June 26, 2019 | 87° F

Rutgers junior earns Goldwater scholarship


Courtesy of Jennifer Coulter | Jennifer Coulter, a School of Arts and Sciences junior majoring in physics, has earned a Goldwater scholarship for the 2016-2017 academic year due to her work in research and her future goals.

School of Arts and Sciences junior Jennifer Coulter has become the latest Rutgers student to be named a Goldwater Scholar.

The Barry M. Goldwater Scholarship is awarded each year to a limited number of undergraduate sophomores and juniors planning on entering research-based fields, according to the Barry Goldwater Scholarship and Excellence in Education Program. The scholarship grants a maximum of $7,500 per year to cover student tuition and fees.

Coulter received the award for a variety of successes, including her research experiences, which ranges from the development of solar cell technology to working with heavy-ion nuclear physics, she said. Before she found success in her field, Coulter pursued more liberal disciplines.
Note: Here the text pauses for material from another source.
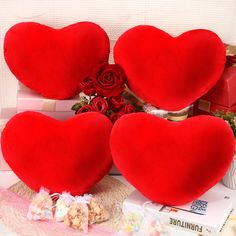 three red heart shaped cushions sitting on top of a pile of books next to roses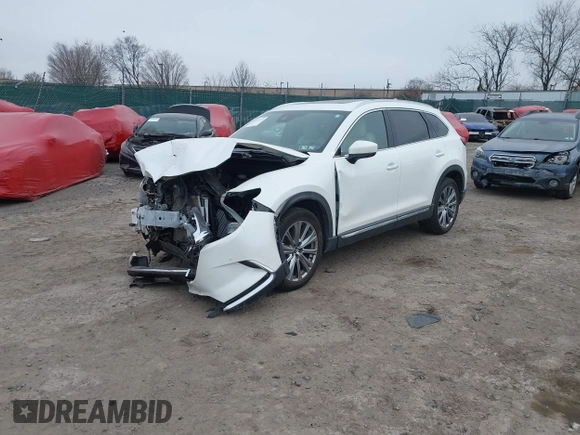 2021 Mazda CX-9 Signature with VIN JM3TCBEY0M0510960, listed as a IAAI auction lot 41334221 with 44,388 mi miles. Bid and sale history available at carsss.com. Image 2.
“In high school, I was going through doing a lot of art related, graphic design sort of classes, and it wasn’t until I took physics in high school that I realized that I really, really liked math and I really, really liked science,” she said.

Coulter largely attributes her change in direction to her high school physics teacher, Stephen Godkin.

A total of 13 Rutgers Department of Physics and Astronomy undergraduates have received the award over the past two decades, according to the School of Arts and Sciences website.

Although she enjoys a lot of the applied, hands-on aspects of working with the Engineering Department, she said her true passions lie in the analytical, formula-based studies of physics.

“There’s a different mindset between physics and engineering, and at this point, I am a blend (of) both because I’ve had both experiences ... I think I was better able to apply what I was learning in my classes to my research in the Physics Department,” she said.

She also spoke on the influence of Dunbar Birnie, a professor in the Department of Materials Science and Engineering, who has played an instrumental role in her success, both in academics and research.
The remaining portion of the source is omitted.